------ Stored data

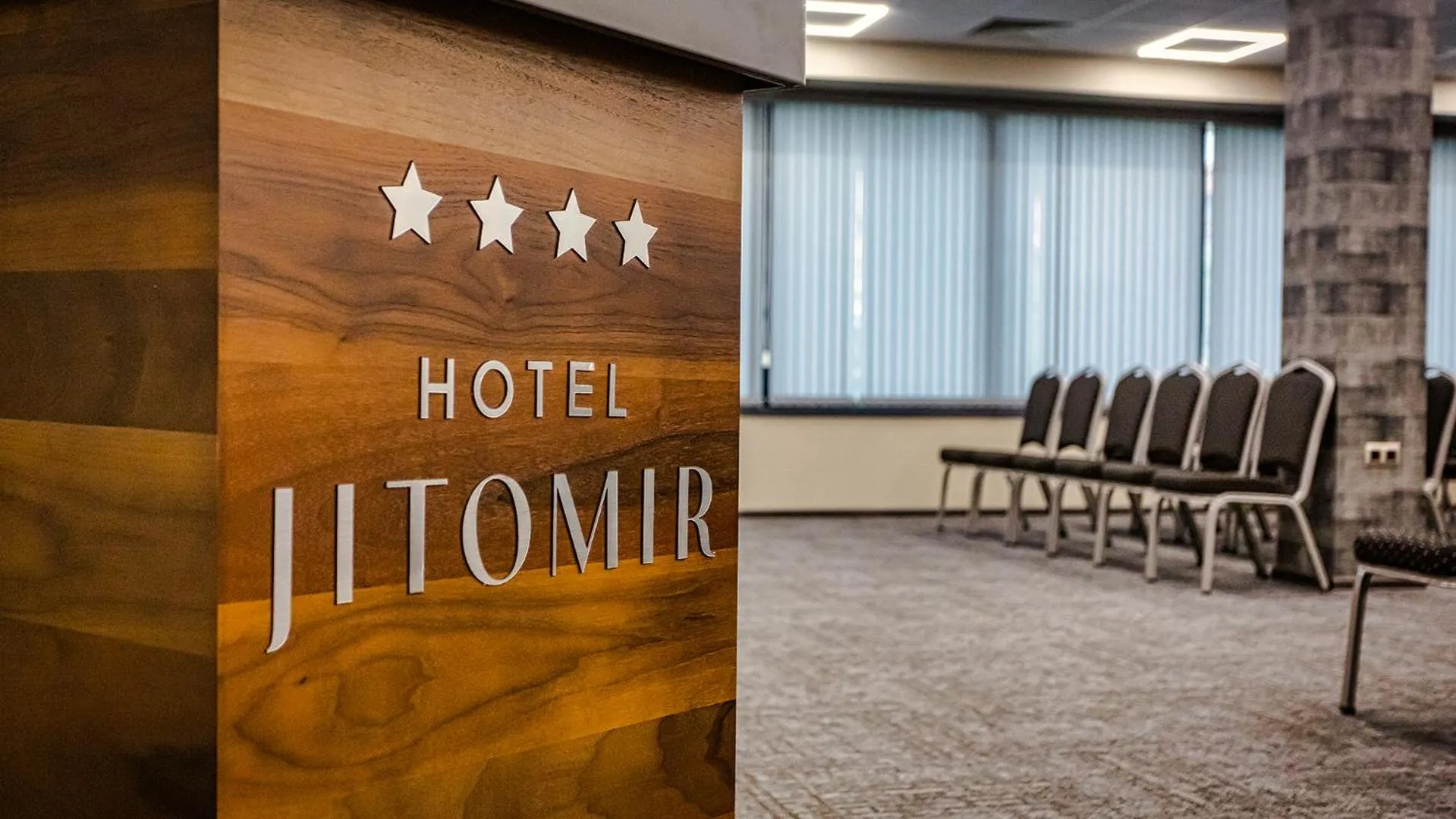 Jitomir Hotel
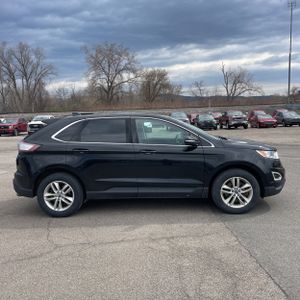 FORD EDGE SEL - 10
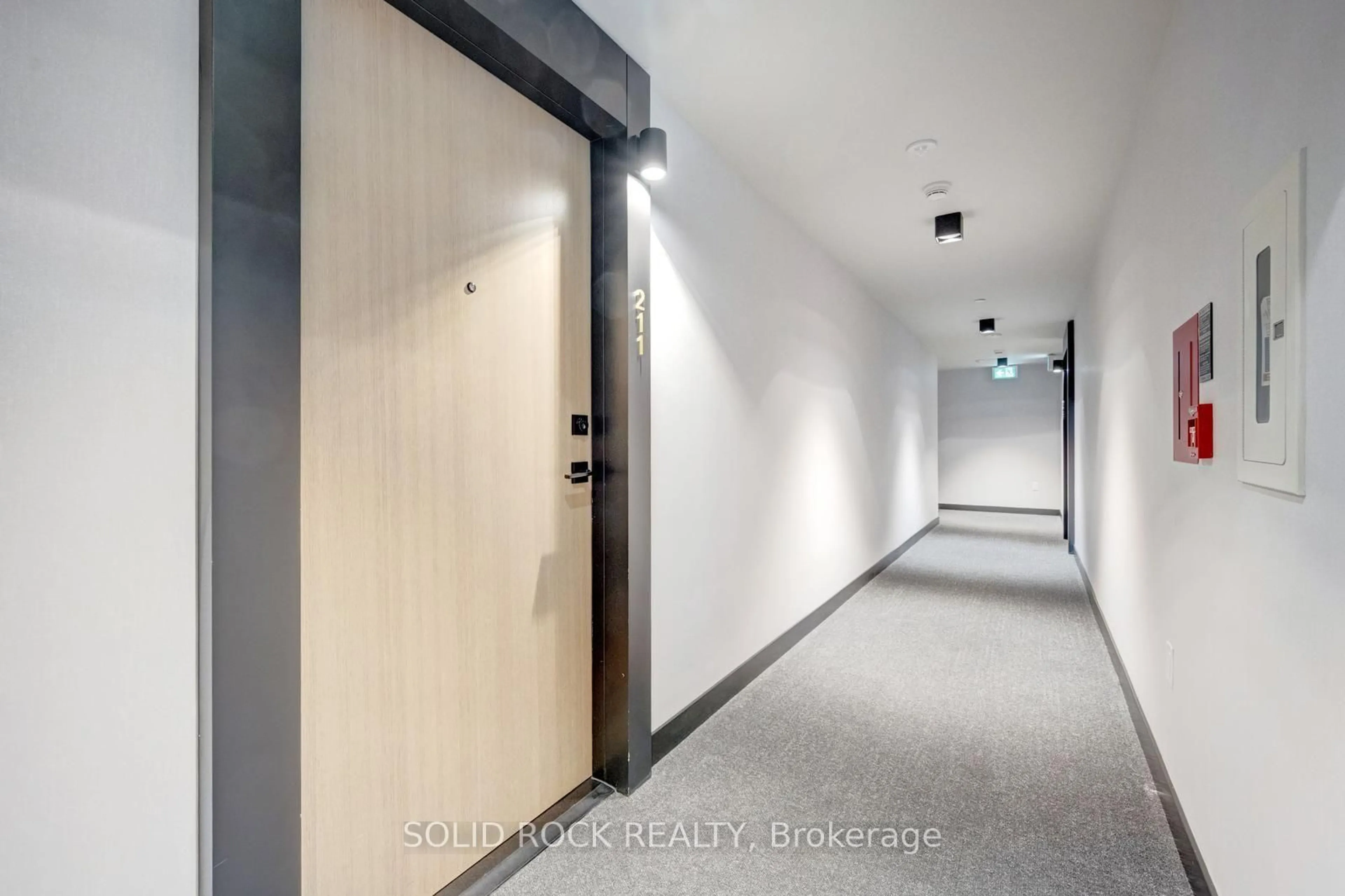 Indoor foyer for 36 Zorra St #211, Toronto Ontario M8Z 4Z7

------------

Exactly as written, return every line of the listing, but not the pictures.

• [Task solution]:
 Jitomir Hotel
 FORD EDGE SEL - 10
 Indoor foyer for 36 Zorra St #211, Toronto Ontario M8Z 4Z7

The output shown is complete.